§ **YOUR INSTRUCTIONS**: Only the stretch below from the line holding "RF Treatment for Cellulite" through the line holding "Illustration of a tooth with an onlay" should be restated, word for word and with both ends included; pictures stay out.

§ **Items from a data source**:

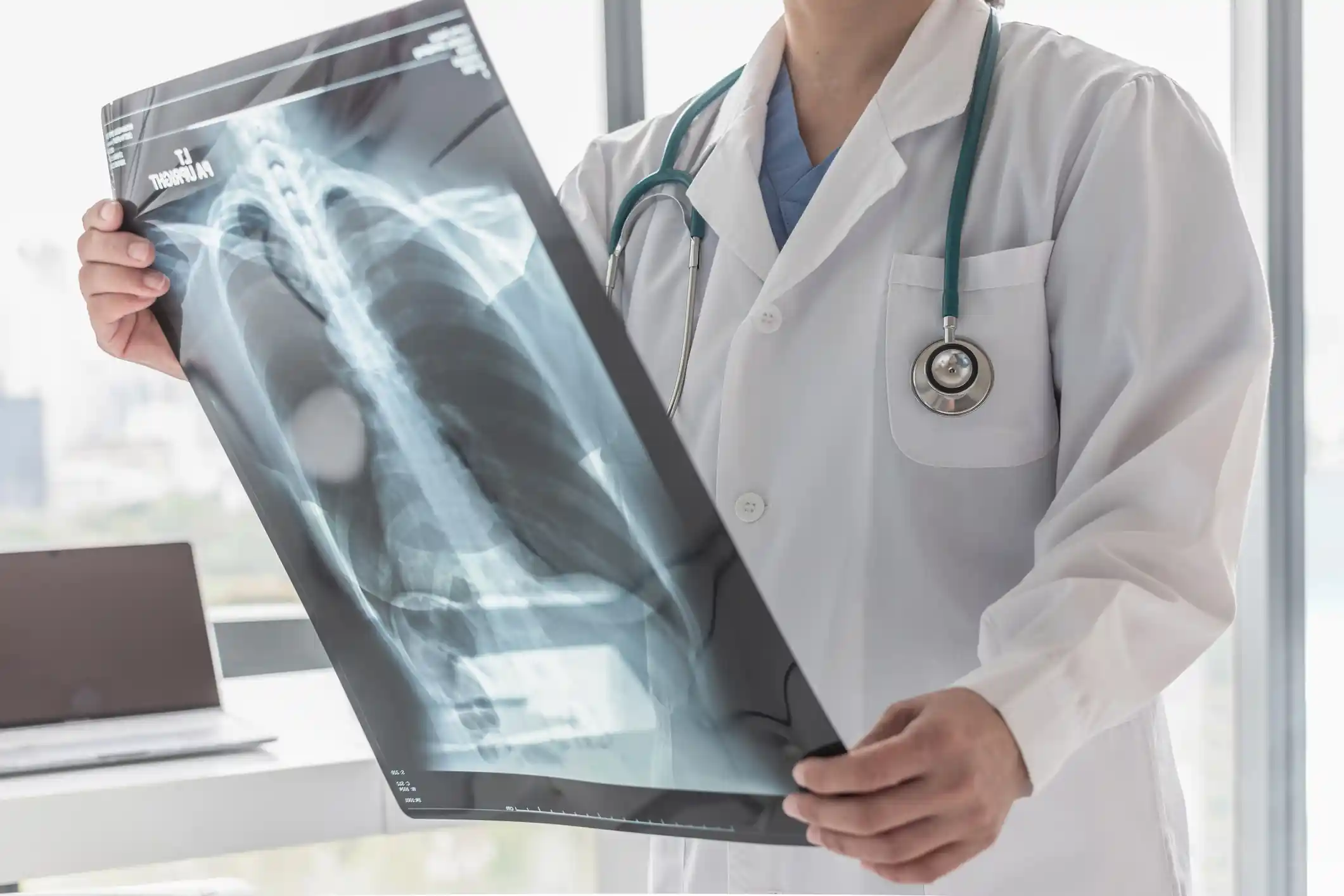 Radiografias Digitais do Corpo Inteiro
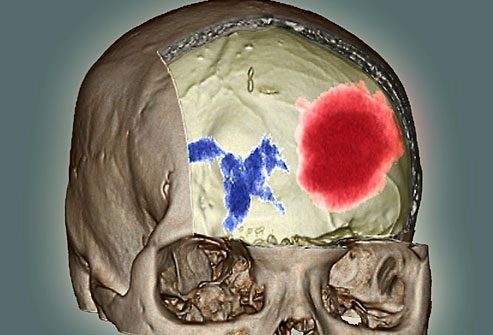 Кровоизлияние в головной мозг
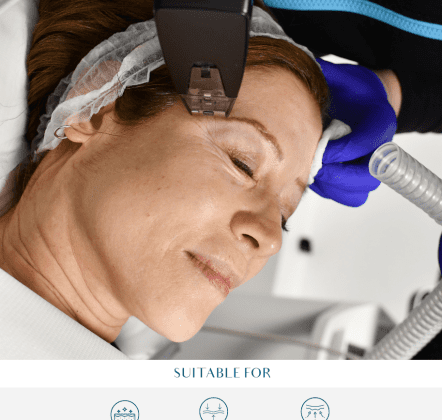 RF Treatment for Cellulite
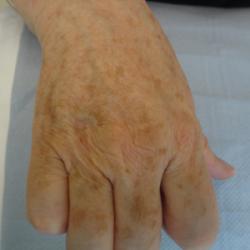 Example of pigmentation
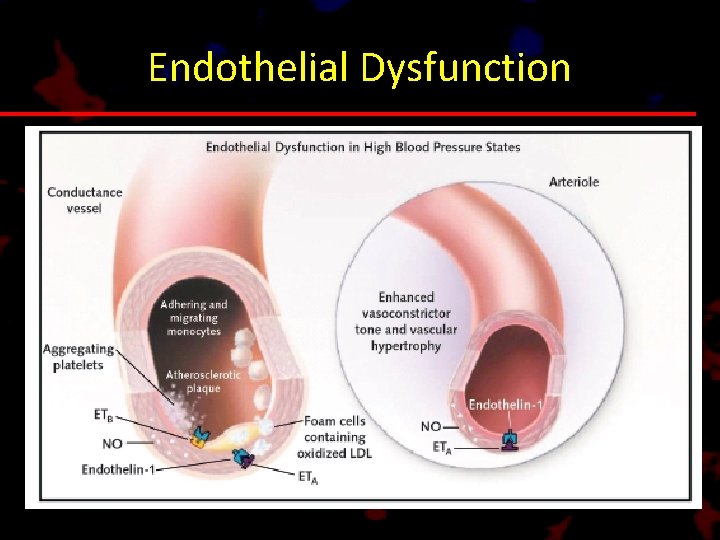 Endothelial Dysfunction 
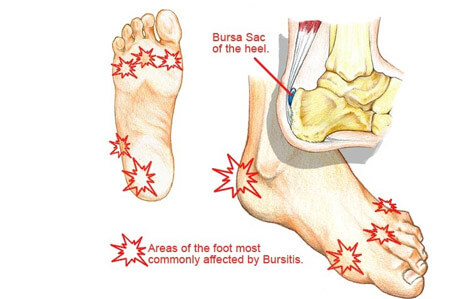 bursitis of the foot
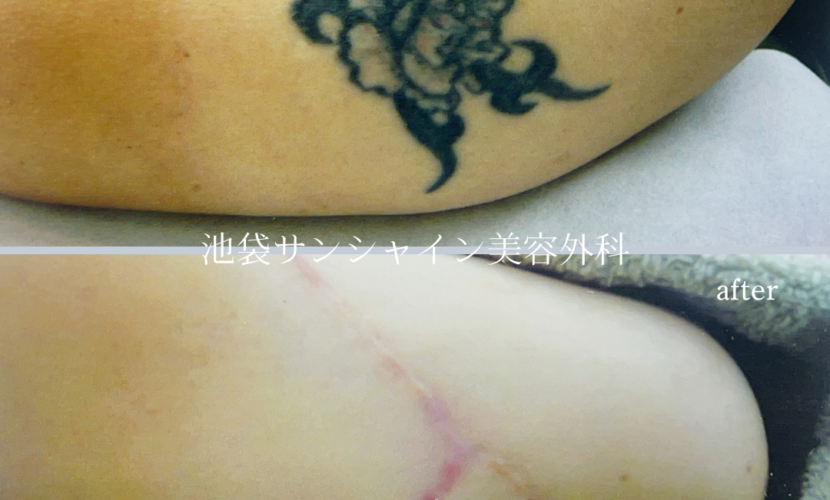 左上腕 花のタトゥ除去 before after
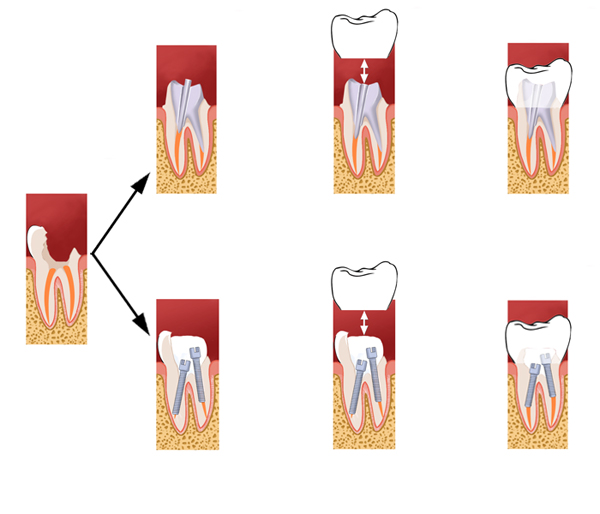 Pose d'implants et de facettes dentaires à Toulouse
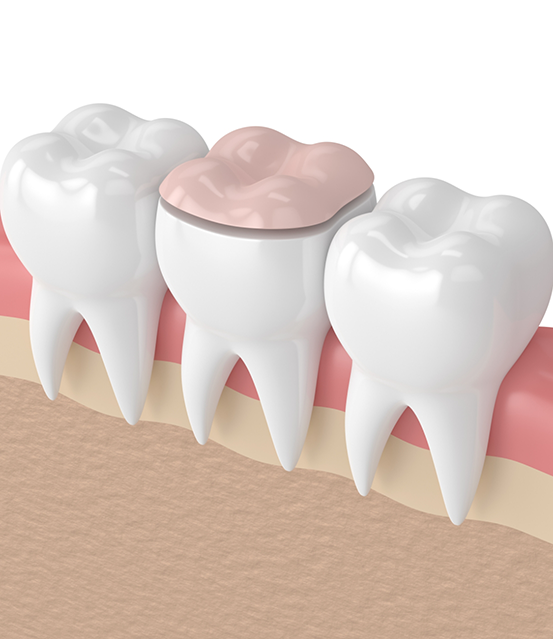 Illustration of a tooth with an onlay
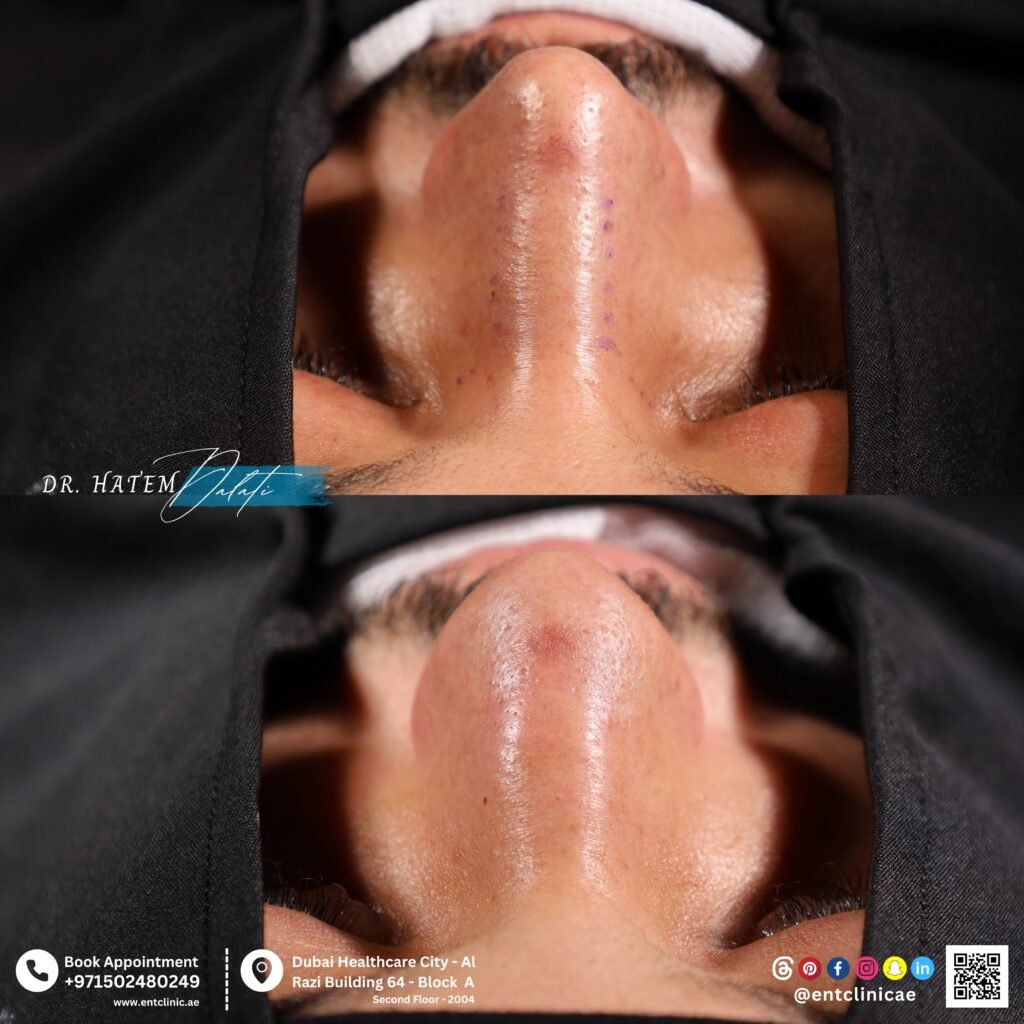 Male septorhinoplasty base view before and after showing improved nostril symmetry and nasal tip support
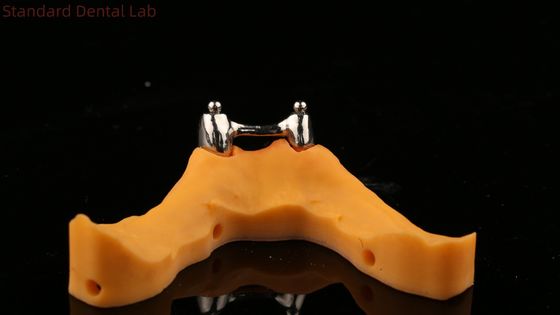 comprar Ivoclar Digital Dental Implant Bar Denture con accesorios, Dentures con apoyo de implantes de titanio acrílico completo fabricación en línea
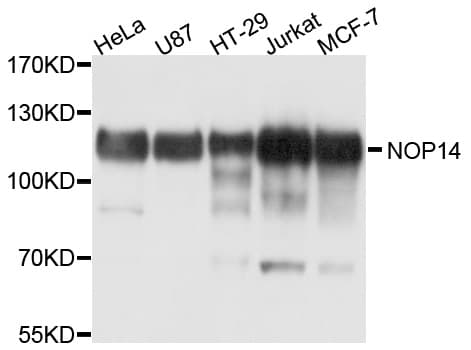 Polyclonal Rabbit anti-Human NOP14 / C4orf9 Antibody (WB)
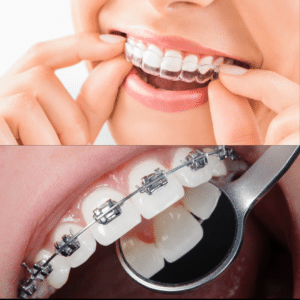 Orthodontics Nepean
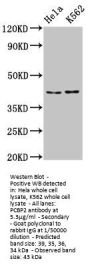 PCBP2 Antibody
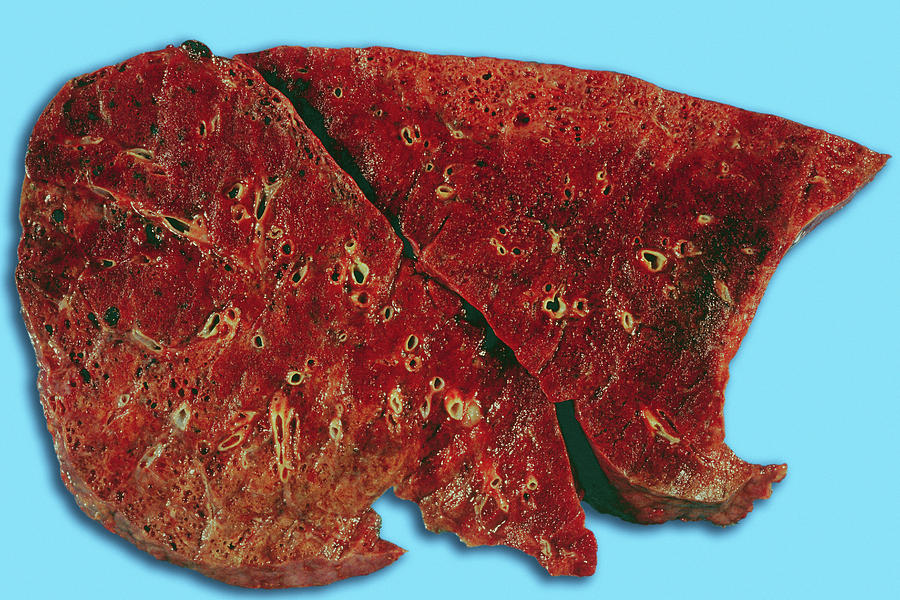 Lung 1 Photograph by Medimage/science Photo Library Pixels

§ **RESPONSE TO THIS TASK**:
 RF Treatment for Cellulite
 Example of pigmentation
 Endothelial Dysfunction 
 bursitis of the foot
 左上腕 花のタトゥ除去 before after
 Pose d'implants et de facettes dentaires à Toulouse
 Illustration of a tooth with an onlay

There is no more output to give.